17/03/2026

A hora de organizar os cabos das cidades brasileiras. Por Eduardo Cesconetto de Souza

Artigo de Eduardo Cesconetto de Souza, engenheiro eletricista

As cidades brasileiras vivem hoje um problema visível — e cada vez mais grave — na infraestrutura urbana: o emaranhado de cabos instalados nos postes de energia elétrica.

A expansão acelerada da internet banda larga e dos provedores regionais trouxe conectividade para milhões de brasileiros, mas também revelou um gargalo regulatório que já não acompanha a realidade do setor. O modelo atual permite que cada operadora instale seus próprios cabos na infraestrutura de postes das distribuidoras de energia.

O resultado é conhecido por todos: excesso de fiações, ocupação irregular, riscos de segurança, dificuldades de manutenção e conflitos constantes entre empresas de telecomunicações e concessionárias de energia.

O problema não é apenas estético. Trata-se de uma questão de segurança pública, eficiência econômica e planejamento urbano.

Diante desse cenário, cresce no mundo a adoção de um modelo conhecido como rede neutra ou infraestrutura de acesso aberto, no qual a infraestrutura física de telecomunicações é operada por uma empresa especializada, enquanto as operadoras competem livremente na oferta de serviços ao consumidor.

Nesse modelo, uma empresa — pública ou privada — é responsável por construir, organizar e manter a rede de cabos e fibras ópticas. Sobre essa infraestrutura comum, diversas operadoras podem oferecer serviços de internet, telefonia ou TV. A competição acontece na prestação de serviço, e não na duplicação de cabos.

Diversos países já adotaram sistemas semelhantes. Na Suécia, a cidade de Estocolmo implantou ainda na década de 1990 uma rede pública de fibra óptica aberta a múltiplos provedores, criando uma das infraestruturas digitais mais avançadas da Europa.

Na Nova Zelândia, o governo estruturou um programa nacional de banda larga baseado em infraestrutura aberta, permitindo que diferentes operadoras utilizem a mesma rede para levar conectividade à população.

Experiências semelhantes aparecem em países como Itália, França, Irlanda, Suíça, México e Singapura. Os resultados mostram maior organização da infraestrutura urbana, redução do custo de implantação das redes e aumento da concorrência entre provedores.

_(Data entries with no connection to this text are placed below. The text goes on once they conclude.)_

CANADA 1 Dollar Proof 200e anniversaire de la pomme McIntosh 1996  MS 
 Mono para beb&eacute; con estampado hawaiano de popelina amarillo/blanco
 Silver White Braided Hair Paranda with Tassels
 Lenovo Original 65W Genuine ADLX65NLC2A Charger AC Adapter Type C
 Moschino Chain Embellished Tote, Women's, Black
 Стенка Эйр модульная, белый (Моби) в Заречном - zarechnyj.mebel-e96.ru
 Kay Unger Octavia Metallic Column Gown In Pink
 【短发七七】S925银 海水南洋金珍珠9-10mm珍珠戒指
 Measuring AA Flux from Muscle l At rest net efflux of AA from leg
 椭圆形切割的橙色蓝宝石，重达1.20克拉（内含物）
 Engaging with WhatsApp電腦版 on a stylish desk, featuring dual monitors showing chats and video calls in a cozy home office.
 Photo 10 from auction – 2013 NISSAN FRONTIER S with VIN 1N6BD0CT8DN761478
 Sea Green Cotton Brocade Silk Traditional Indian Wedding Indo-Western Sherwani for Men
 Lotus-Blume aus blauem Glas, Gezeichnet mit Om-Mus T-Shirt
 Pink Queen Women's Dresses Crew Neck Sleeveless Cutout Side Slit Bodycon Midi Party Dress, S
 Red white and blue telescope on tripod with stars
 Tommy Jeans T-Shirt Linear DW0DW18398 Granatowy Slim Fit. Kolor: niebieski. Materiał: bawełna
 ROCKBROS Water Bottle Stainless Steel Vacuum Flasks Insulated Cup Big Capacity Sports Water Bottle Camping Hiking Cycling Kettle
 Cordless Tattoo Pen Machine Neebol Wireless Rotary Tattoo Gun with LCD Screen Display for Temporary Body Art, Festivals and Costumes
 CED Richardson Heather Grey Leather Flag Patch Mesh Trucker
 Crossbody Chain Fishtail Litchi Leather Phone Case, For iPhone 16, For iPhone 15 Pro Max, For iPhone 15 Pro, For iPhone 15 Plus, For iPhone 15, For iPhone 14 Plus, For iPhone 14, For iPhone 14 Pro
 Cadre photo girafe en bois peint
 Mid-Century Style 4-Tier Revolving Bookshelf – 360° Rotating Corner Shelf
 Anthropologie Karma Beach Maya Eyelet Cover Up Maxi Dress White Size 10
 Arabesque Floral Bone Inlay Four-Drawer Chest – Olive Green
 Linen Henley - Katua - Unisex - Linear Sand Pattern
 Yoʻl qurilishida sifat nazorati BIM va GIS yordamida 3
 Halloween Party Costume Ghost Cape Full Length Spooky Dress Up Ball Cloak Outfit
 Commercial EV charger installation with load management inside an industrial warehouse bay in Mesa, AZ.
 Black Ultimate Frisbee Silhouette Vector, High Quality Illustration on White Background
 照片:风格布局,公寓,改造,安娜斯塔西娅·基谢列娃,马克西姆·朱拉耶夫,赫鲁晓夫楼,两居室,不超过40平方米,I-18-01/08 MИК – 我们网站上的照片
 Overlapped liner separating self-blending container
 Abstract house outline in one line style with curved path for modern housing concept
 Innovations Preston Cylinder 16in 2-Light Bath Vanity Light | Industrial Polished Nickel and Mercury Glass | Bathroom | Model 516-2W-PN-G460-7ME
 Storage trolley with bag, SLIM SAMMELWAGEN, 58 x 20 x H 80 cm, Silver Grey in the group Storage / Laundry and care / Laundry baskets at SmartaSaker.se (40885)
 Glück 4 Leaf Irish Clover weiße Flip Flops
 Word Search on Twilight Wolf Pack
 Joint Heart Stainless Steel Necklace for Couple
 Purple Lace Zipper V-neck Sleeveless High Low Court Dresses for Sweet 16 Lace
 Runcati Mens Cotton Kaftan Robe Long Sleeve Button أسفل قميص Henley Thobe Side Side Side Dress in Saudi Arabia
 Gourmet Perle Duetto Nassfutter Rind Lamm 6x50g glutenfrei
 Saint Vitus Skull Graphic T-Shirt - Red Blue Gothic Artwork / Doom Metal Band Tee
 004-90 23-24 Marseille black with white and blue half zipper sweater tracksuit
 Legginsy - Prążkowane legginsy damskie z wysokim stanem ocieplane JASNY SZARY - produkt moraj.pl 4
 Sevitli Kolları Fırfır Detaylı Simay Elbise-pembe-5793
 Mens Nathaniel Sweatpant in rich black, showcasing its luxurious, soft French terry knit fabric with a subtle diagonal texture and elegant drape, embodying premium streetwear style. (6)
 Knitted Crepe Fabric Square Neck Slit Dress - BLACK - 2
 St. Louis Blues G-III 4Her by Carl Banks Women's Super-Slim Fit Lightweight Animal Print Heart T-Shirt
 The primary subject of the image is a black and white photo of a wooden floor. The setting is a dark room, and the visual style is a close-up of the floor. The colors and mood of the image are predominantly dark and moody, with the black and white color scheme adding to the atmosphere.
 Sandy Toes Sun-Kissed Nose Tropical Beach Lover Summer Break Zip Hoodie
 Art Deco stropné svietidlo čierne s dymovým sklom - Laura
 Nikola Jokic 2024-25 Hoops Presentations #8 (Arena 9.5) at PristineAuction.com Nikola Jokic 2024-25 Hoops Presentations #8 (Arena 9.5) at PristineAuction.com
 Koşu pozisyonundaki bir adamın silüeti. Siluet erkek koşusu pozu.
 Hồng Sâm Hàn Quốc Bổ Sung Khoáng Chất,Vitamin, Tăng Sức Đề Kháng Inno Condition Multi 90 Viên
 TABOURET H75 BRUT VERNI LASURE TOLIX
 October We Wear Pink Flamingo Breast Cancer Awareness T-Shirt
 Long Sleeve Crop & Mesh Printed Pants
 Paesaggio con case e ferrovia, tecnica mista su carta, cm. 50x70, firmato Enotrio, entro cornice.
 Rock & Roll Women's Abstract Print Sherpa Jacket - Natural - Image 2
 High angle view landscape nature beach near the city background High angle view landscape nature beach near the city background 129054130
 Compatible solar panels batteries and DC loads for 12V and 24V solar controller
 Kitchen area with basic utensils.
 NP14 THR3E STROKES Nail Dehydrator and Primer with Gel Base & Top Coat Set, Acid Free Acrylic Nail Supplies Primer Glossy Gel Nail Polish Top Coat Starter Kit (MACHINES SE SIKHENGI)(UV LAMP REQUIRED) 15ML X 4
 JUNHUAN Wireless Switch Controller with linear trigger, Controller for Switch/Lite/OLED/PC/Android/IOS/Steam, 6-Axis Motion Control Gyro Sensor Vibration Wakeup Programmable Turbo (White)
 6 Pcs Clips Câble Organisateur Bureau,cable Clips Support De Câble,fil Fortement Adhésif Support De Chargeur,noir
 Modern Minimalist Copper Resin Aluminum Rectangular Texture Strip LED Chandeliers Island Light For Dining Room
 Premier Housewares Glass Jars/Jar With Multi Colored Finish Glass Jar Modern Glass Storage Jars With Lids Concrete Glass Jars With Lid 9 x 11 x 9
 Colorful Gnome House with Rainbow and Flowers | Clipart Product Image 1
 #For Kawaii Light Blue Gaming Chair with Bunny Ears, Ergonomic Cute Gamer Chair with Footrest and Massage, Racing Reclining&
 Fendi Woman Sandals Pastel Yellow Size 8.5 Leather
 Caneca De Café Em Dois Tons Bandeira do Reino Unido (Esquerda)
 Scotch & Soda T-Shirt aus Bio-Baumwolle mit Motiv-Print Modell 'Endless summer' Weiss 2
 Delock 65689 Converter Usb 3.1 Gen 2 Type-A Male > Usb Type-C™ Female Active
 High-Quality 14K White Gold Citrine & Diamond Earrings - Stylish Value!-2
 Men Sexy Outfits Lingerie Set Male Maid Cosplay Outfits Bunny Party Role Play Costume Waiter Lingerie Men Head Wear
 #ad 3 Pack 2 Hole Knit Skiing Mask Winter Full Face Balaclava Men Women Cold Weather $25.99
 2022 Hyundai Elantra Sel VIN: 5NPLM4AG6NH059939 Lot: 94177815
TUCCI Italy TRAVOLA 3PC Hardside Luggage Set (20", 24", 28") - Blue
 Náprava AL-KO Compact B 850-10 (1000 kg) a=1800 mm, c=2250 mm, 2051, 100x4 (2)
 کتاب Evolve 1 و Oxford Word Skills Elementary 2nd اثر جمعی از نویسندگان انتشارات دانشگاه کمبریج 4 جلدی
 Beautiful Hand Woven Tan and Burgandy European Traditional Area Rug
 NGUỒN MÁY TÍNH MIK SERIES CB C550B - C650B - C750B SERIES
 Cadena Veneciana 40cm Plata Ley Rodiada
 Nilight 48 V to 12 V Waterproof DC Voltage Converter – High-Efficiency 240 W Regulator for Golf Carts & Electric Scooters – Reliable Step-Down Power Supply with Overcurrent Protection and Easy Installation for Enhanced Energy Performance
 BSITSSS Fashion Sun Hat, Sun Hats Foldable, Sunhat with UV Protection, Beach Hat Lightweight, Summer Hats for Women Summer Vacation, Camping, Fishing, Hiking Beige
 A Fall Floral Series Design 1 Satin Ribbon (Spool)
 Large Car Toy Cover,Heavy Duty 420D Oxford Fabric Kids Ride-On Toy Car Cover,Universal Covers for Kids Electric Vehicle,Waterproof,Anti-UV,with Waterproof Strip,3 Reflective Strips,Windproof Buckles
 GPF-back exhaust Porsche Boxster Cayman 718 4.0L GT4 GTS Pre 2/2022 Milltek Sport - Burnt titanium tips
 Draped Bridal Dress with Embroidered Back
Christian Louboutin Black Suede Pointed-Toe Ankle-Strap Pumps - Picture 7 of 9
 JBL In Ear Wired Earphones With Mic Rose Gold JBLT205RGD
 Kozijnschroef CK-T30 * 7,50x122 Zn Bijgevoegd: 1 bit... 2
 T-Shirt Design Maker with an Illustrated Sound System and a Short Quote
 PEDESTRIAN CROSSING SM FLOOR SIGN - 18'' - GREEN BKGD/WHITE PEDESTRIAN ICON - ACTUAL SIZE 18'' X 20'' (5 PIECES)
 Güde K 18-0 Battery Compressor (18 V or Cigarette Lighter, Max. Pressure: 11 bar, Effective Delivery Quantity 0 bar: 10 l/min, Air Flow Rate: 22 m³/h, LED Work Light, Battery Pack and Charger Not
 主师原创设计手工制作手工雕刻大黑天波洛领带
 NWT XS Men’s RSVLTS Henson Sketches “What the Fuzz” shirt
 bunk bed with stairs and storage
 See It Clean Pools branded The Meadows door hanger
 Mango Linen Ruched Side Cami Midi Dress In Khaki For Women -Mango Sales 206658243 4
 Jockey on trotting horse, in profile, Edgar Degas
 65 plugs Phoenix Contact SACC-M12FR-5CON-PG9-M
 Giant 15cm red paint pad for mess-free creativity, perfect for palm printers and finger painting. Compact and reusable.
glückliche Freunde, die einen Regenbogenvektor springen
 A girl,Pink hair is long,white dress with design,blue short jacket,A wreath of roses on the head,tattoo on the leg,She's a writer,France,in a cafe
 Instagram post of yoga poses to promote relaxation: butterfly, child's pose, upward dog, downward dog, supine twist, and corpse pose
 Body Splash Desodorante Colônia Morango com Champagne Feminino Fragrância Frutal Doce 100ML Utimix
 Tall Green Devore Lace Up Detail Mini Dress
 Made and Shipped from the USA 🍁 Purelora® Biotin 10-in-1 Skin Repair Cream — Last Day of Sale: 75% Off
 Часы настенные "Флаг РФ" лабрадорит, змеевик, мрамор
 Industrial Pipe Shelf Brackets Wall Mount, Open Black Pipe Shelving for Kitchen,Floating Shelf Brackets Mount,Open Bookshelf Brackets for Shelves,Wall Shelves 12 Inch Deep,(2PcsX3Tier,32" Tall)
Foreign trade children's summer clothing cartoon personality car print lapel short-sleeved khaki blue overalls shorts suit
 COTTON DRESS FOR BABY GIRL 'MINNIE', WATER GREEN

No Brasil, a discussão é especialmente relevante por causa da relação entre telecomunicações e o setor elétrico. Os postes pertencem às distribuidoras de energia, mas são utilizados por milhares de empresas de telecomununicações. A ausência de um modelo claro de gestão da infraestrutura gera disputas regulatórias e dificuldades de fiscalização.

Uma alternativa viável seria estruturar concessões municipais ou estaduais para a gestão da infraestrutura de telecomunicações nos postes, criando uma empresa responsável pela organização da rede física.

Essa concessionária cuidaria da instalação, manutenção e padronização dos cabos, garantindo segurança e ordenamento urbano. Sobre essa infraestrutura organizada, qualquer operadora poderia atuar em regime de livre concorrência, pagando pelo uso da rede.

Com isso, seria possível reduzir o emaranhado de cabos nas cidades, aumentar a segurança da rede elétrica, ampliar a concorrência e melhorar a qualidade dos serviços oferecidos à população.

A transformação digital exige redes cada vez mais robustas para suportar novos serviços e aplicações. Para que isso aconteça de forma sustentável, é necessário modernizar o modelo de infraestrutura e organizar os cabos que já estão presentes nos postes das nossas cidades.